Дорота Масловская: «Общественным мнением теперь управляют медиа»
Интервью Enter с главным драматургом современной польской сцены
Дорота Масловская — польская писательница, романист, драматург, автор пяти романов. Ее роман «Польско-русская война под бело-красным флагом», который они написала в 19 лет, произвел эффект разорвавшейся бомбы. Девушка стала звездой молодой польской прозы, а роман перевели на десяток европейских языков. После этого Масловская написала несколько пьес («У нас все хорошо», «Двое бедных румын, говорящих по-польски») и два романа (один из них — «Павлин королевы» языком хип-хоп речитатива). А в 2014 году, почувствовав, что ее работа в литературе зашла в тупик, Дорота записала диск под псевдонимом Mister D.
В Казань она приехала при поддержке Польского культурного центра в Москве, чтобы провести творческую встречу с читателями на Летнем книжном фестивале в «Смене» и побывать на читке ее пьесы «У нас все хорошо» в «Углу».
— Вы прославились на всю Европу в 19 лет. Одни критики вас восхваляли, другие пророчили поломанную судьбу из-за столь ранней популярности. Кто оказался прав?
— На самом деле, я была очень молода. Жила в спальном районе, заканчивала лицей, и уж точно не была готова к такой известности. Если бы я осознавала тогда, какая меня ждет карьера и что она за собой повлечет, я бы поступила несколько иначе. Наверно, была бы гораздо осторожнее. И всей этой славы я бы хотела получить по минимуму. Может, и вовсе осталась бы жить в своем квартале и не высовывалась бы. Но сейчас мне 32 года, и я рада, что все это пережила и осталась здорова психически. Именно благодаря такой ранней популярности я очень быстро поняла, что слава для меня — это нечто ужасное. И она меня совсем не манила.

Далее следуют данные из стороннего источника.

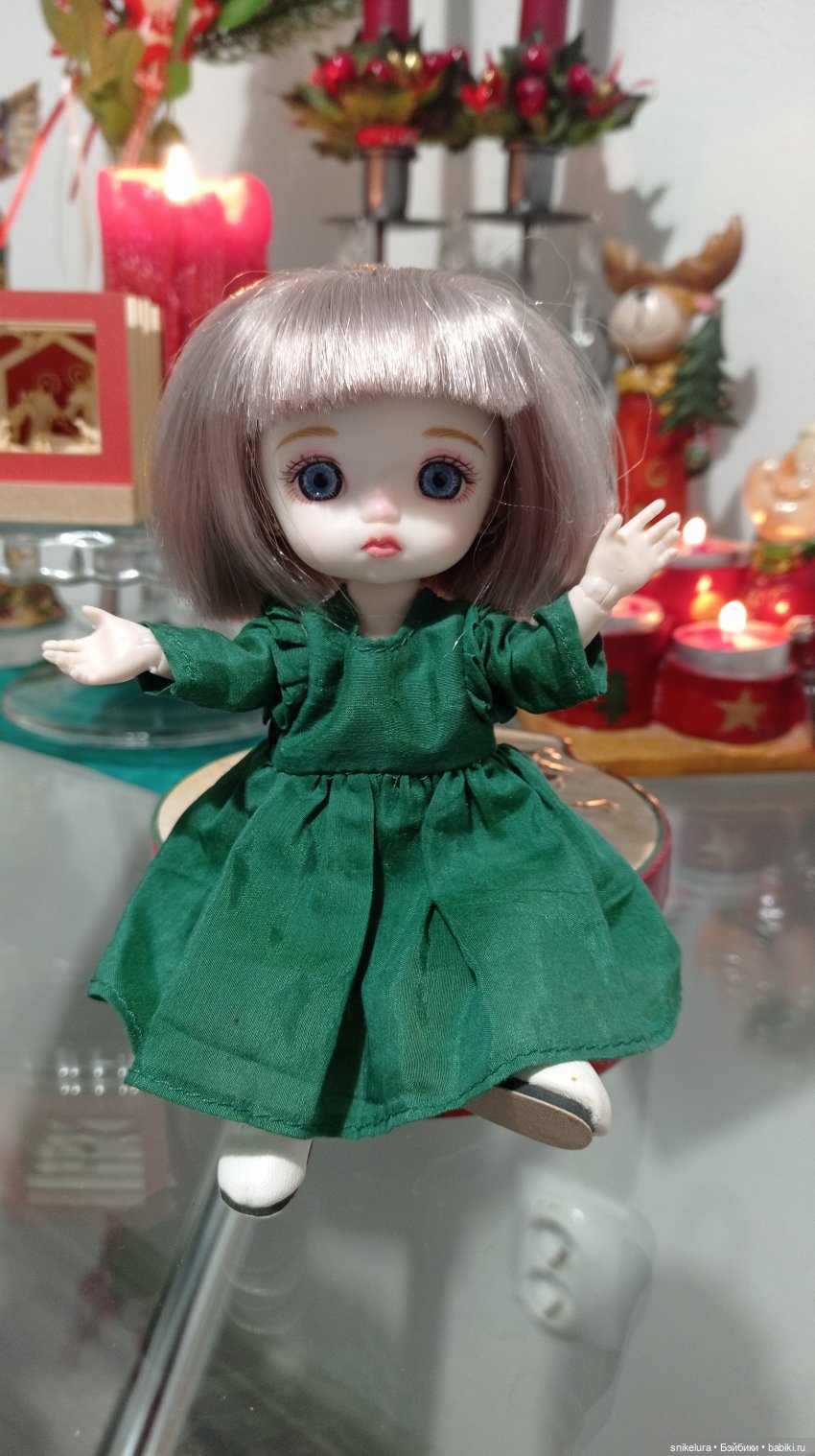 Золушка - Китти — Куклы Baboliy (Баболи (фото 5)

— Ваши произведения определяет такое понятие, как «польскость». Отчасти благодаря этой явной самоидентификации они и разошлись такими огромными тиражами. Но что значит «польскость» конкретно для вас? Ведь в сознании россиян Польша — это Европа, а для итальянцев Польша — это бывший СССР.

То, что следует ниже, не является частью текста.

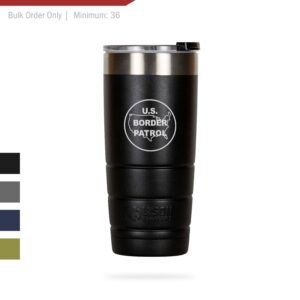 Bison&reg; 22oz Tumbler (USBP)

— Поляки вообще стали жертвами истории. По отношению к Востоку мы чувствуем себя Западом, а по отношению к Западу мы чувствуем себя Востоком. В каждом из нас уживаются комплекс превосходства и комплекс неполноценности. И сейчас ситуация только усугубилась. К власти пришла правая партия, которая тянет почти западную Польшу обратно, на Восток. Поэтому мы особенно остро воспринимали конфликт на Украине. Мы идентифицировали себя с украинским народом, который тоже на протяжении всей своей истории оказывался между молотом и наковальней. Но сейчас все устали от этой войны. Мы не понимаем, кто прав, кто виноват — общественным мнением теперь управляют медиа.
— Вы очень ярко и образно смогли описать социальное дно, представители которого в изобилии водились в вашем родном городе. Но после успеха книги вы стали много путешествовать по миру. По вашим наблюдениям, маргинальные слои населения везде живут одинаково? Или же герои ваших пьес — жители именно постсоветского пространства?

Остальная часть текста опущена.